Pat. No. 4,213,661, supra, 
Utilization of Belleville springs allows for a more compact and less 
expensive design than achievable with curved beams. Furthermore, the 
Belleville spring allows for choice of linear, constant, or non-linear 
response by specifying a certain height to thickness ratio. 
Preload/centering force on the bearing is adjustable either by using the 
threaded plug design or by changing classes of springs. This provides a 
distinct advantage over curved beams both during development and when 
making changes. The tolerance stackup on curved beams causes a wide 
variation in preload while the dashpot damper preload can be selected and 
adjusted. changes to curved beams require a detailed analysis and redesign 
customized for each application. 
This invention accommodates more conventional machining techniques than 
curved beams. There are fewer critical dimensions and those that are 
required are easier to control. 
This invention provides a simple easy to control outer race stop at two 
locations. 
Contact area, oil volume, and oil are easily modified by altering the 
piston head shape, hollowing it, etc. Curved beams are difficult to modify 
since they are highly stressed structural members. 
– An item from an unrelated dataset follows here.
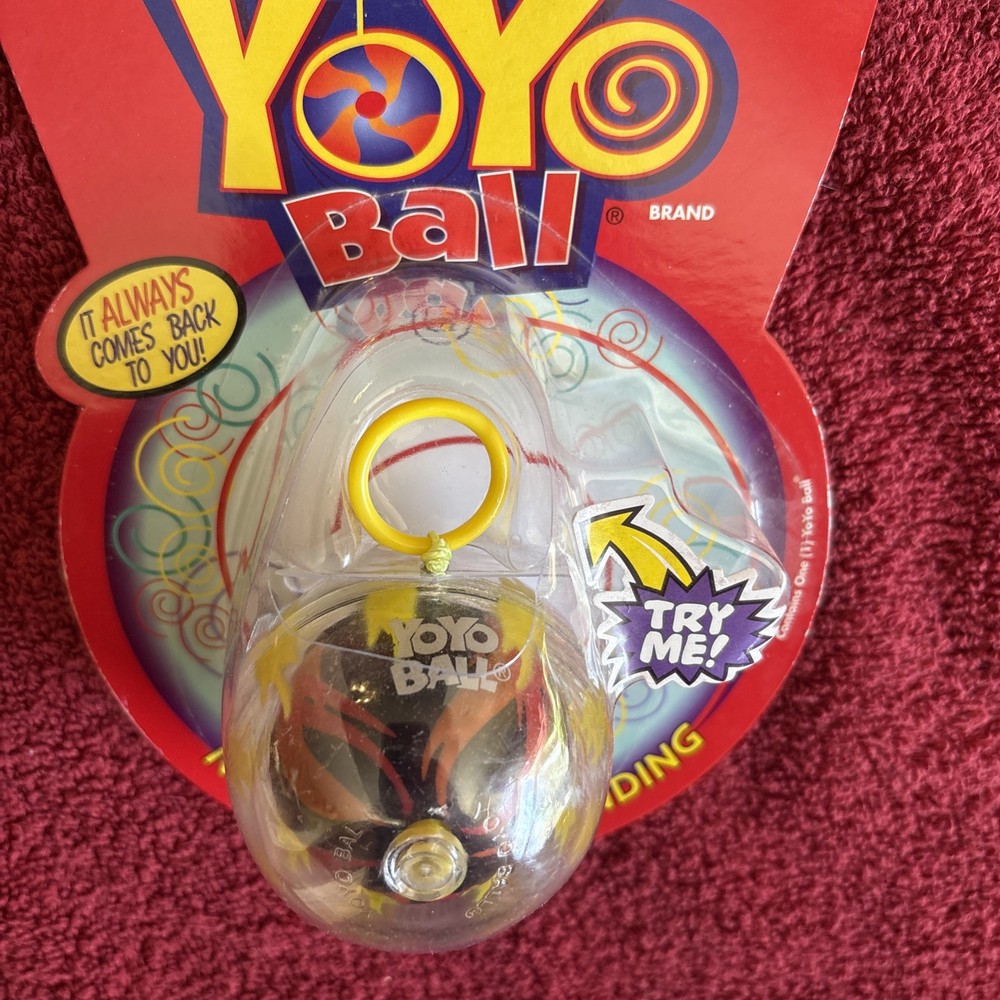 Original Yoyo Ball Atomic Automatic Return Yoyo Never Needs Rewinding NOS Retro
This piston/cylinder system is inherently easier to seal than the curved 
beam designs since it uses circular seals around a piston rather than 
"race track" seals in beam as disclosed in the aforementioned U.S. patent 
application. 
The piston will act as an efficient pump as it moves in and out. Use of 
check valves and various passage designs will allow the system to be tuned 
for optimum oil flow and damping. 
The flexibility in the dashpot system as taught by this invention allows 
for adaptation for various bearing applications as contrasted with the 
curved beam design must be customized for each application. 
Although this invention has been shown and described with respect to 
detailed embodiments thereof, it will be understood by those skilled in 
the art that various changes in form and detail thereof may be made 
without departing from the spirit and scope of the claimed invention.